Pubblicato in ANIME IN VIAGGIO da adnkronos LIBRI.

"Il futuro mi preoccupa, perché è il luogo dove penso di passare il resto della mia vita."

Woody Allen

Il sole declinava al tramonto e si sentiva alitare un’aria di mare, mista all’odore di frescura diffuso dalla pioggia che era caduta tutto il giorno.
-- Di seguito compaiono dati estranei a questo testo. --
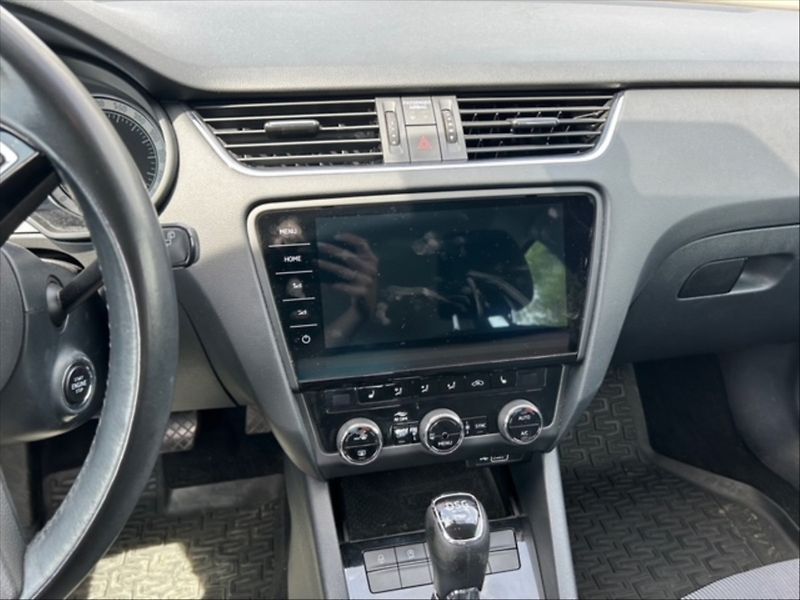 Škoda Octavia 1,5 TSI CNG 131 Style - fotka 10 z 11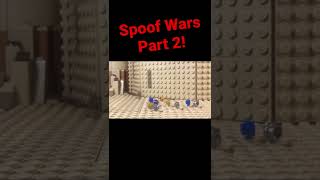 Spoof Wars Part 2!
Ai lati dei fangosi passaggi, sedevano uomini e donne che si erano incontrati lungo la strada della vita e guardavano il fiume Vjosa che quel giorno era immobile sotto il cielo, e tuttavia con un lento moto in superficie come se in quel riposo respirasse. Qualcosa in loro offriva una debole eco a quel moto e agitava le profondità della loro memoria producendovi un tumulto. Un uomo dai capelli candidi, che accoppiava alla maschera della vecchiaia quella della tristezza teneva i pugni sulle ginocchia e il capo reclino in avanti come se stesse guardando in un precipizio, poi sollevò il viso alla brezza fresca e parlò in kurdo ad una donna che stava gingillando un bamboccio che poppava gagliardamente, palpeggiando il seno con la zampetta rosa. A poca distanza, alcuni bambini vestiti dimessi giocavano a fare buchi in terra, e sul lungofiume un piccolo solitario gettava indolentemente sassolini nell’acqua. Inaspettatamente, da una strada sterrata che s’internava in mezzo ad un boschetto, sbucò un gommone trascinato da un trattore e tutti, donne, uomini e bambini, si alzarono in piedi.

— Rrini ulur, rrini ulur, state seduti — gridò un giovane albanese gesticolando per farsi intendere.

Tutti obbedirono, pochi parlarono, e se qualcuno aveva qualcosa da dire, poteva solo riferirsi al suo futuro perché il futuro era ancora suo e lo poteva dipingere nei colori che preferiva. E mentre le donne covavano con gli occhi i bambini per tema di un incidente con quell’espressione ferina propria della maternità, il gommone veniva messo in acqua e assicurato ad un palo, al quale aderiva un marciume filamentoso come capigliature verdastre.

Attraverso il sentiero che si attorcigliava tra i cespugli bassi fino al fiume, giunse un giovane, uscito dalle più insondabili densità dell’ombra sociale, che occupava la strada con un’irritante aria di superiorità e che pareva fare grazia al prossimo della sua vista. Accompagnava una ragazza che indossava dei fuseaux imitazione leopardo e sventolava le sue gambe perfette con la nonchalance di una soubrette d’avanspettacolo. Appena dietro di loro, una donna camminava in mezzo a due uomini e un raggio di sole orizzontale sfiorava il volto della bambina che teneva in braccio, addormentata, con la boccuccia aperta che sembrava un angelo che bevesse la luce.

— Ma è possibile, Imer — domandò uno dei due uomini all’altro — che da quando sono rientrato in Albania non sono riuscito a vederti?

— Gezim, cugino caro, è colpa del governo turco — disse Imer, semplificando al massimo la sua risposta — e con la casa piena di profughi kurdi sono costretto a fare viaggi in continuazione.

— Allora, presto diventerai ricco! — Esclamò Gezim stampandogli una pacca sulle spalle.